→ DIRECTIONS FOR THIS TASK
Word for word, restate the lines of the data below between those holding "Catalina Tea Tisane" and "Omega time computer - computer, led", inclusive; pictures do not belong in the copy.

→ INFORMATION PROVIDED
......
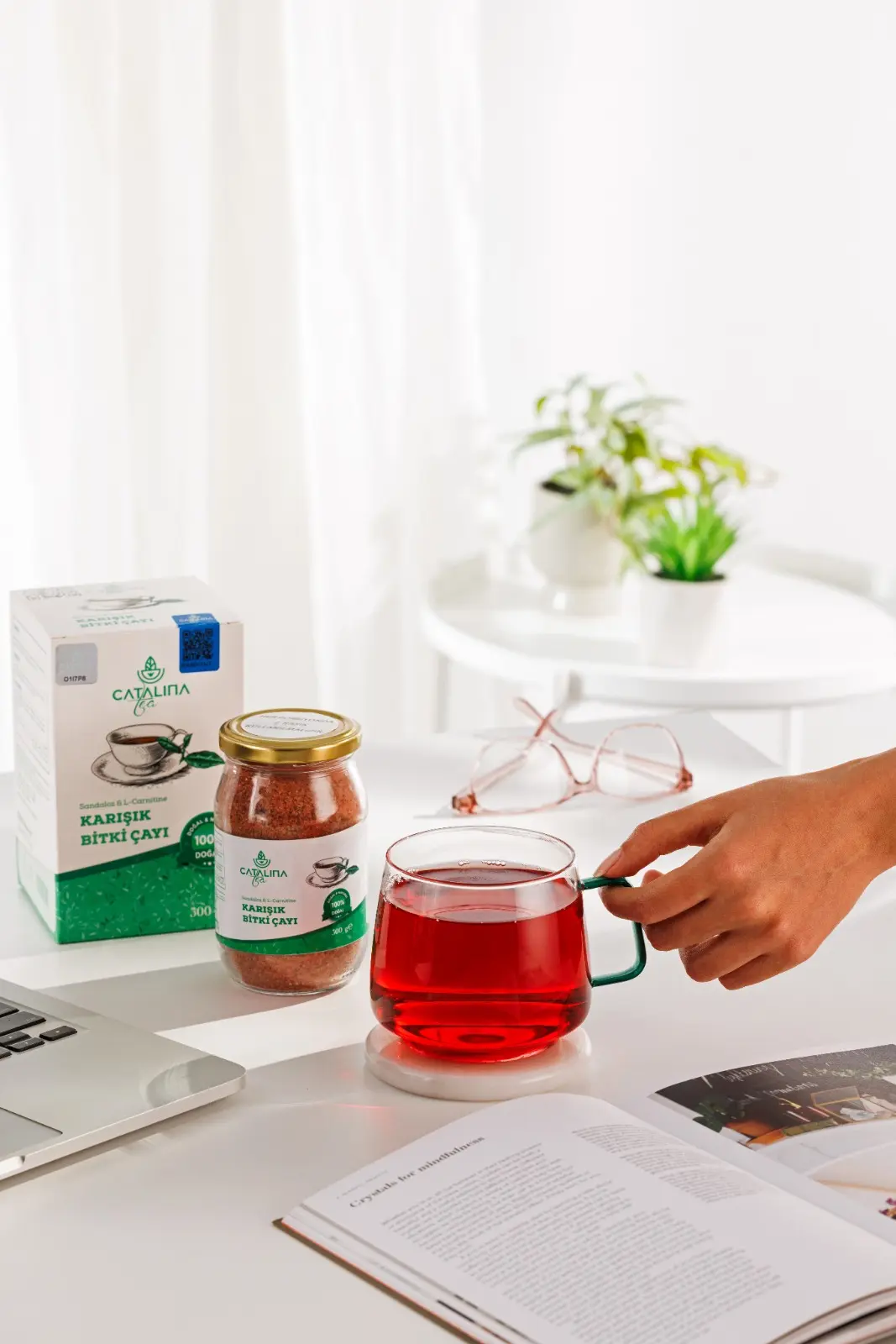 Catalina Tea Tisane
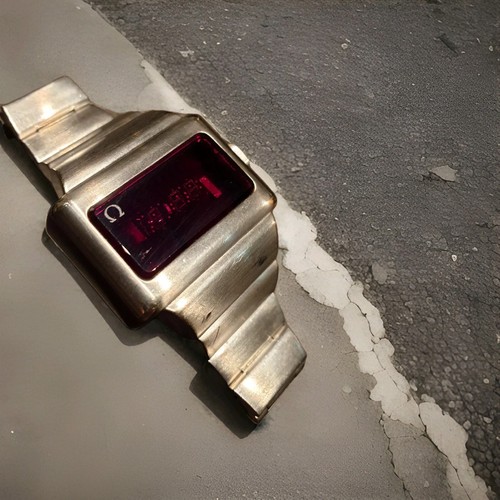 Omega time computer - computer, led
......
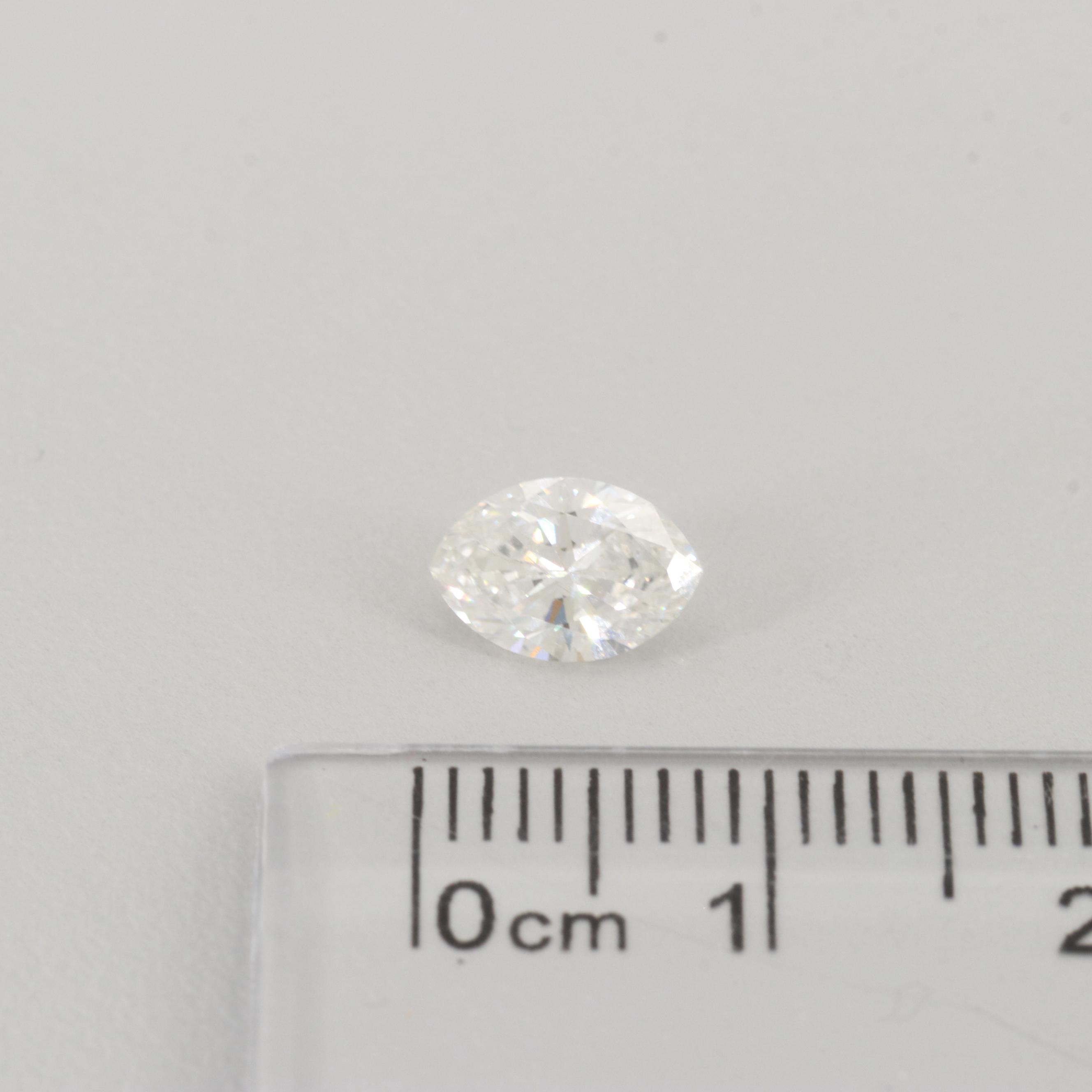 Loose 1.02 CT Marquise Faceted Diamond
......
→ RESULT OF THE TASK
 Catalina Tea Tisane
 Omega time computer - computer, led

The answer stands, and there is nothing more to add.